En fin, para ilustrar mejor la relación entre la Iglesia y la tauromaquia nos referiremos a uno de los conflictos más graves que hubo entre ambas instituciones. Este se produjo en determinado momento, cuando los curas se dieron cuenta de que, celebrándose las corridas de toros en domingo, las plazas estaban llenas y las iglesias vacías. Parecía que los españoles, puestos a elegir, preferían la sangre y el cuerpo del toro a la sangre y el cuerpo de Cristo, y esto no, así no. Resulta que evangelizaban más las corridas que los sermones, y hasta ahí se podía llegar. Cada domingo sucedía lo mismo: templos vacíos y plazas de toros a rebosar.
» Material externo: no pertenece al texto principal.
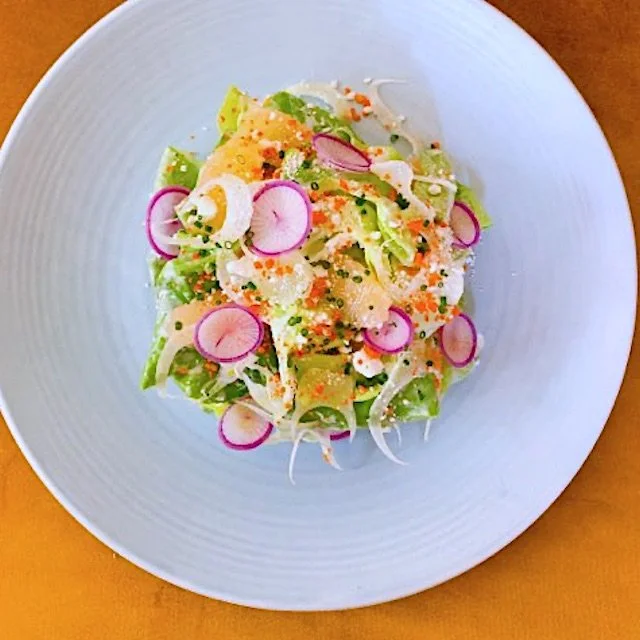 Salad of little gems, fennel, radishes, crushed pine nuts and blood orange
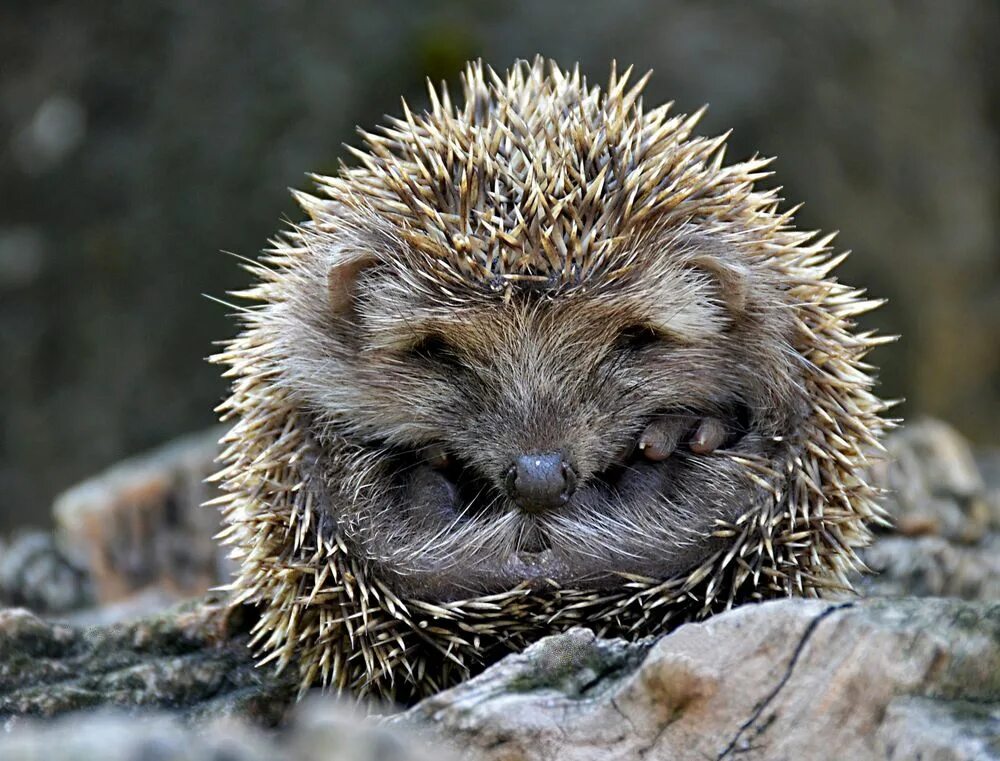 Старославянский календарь по годам. Свернувшийся еж по славянскому. 2018 год по славянскому календарю. Тотемный годослов. Славянский гороскоп.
Menudo negocio. Había que hacer algo, y cuanto antes mejor.
La solución fue muy simple: las misas dominicales no se podían celebrar entre semana —solo faltaba—, pero las corridas sí. Así que se acordó que el día del Señor seguiría siendo el domingo, mientras que el día de la tauromaquia pasó a ser el lunes. El domingo todos a misa, y el lunes todos a la plaza. No hay por qué enfadarse, si será por días. La Iglesia se quedaba con las almas los domingos, y la tauromaquia con las mentes los lunes. De este modo, y durante años, la cosa quedó de esa manera. La tauromaquia no le pisaba la manguera a la Iglesia porque, al fin y al cabo, qué más da acribillar a los toros un domingo que un lunes. Además, eso les servía para reconciliarse con el estamento eclesiástico, quitándose de encima la posible amenaza de un poderoso enemigo.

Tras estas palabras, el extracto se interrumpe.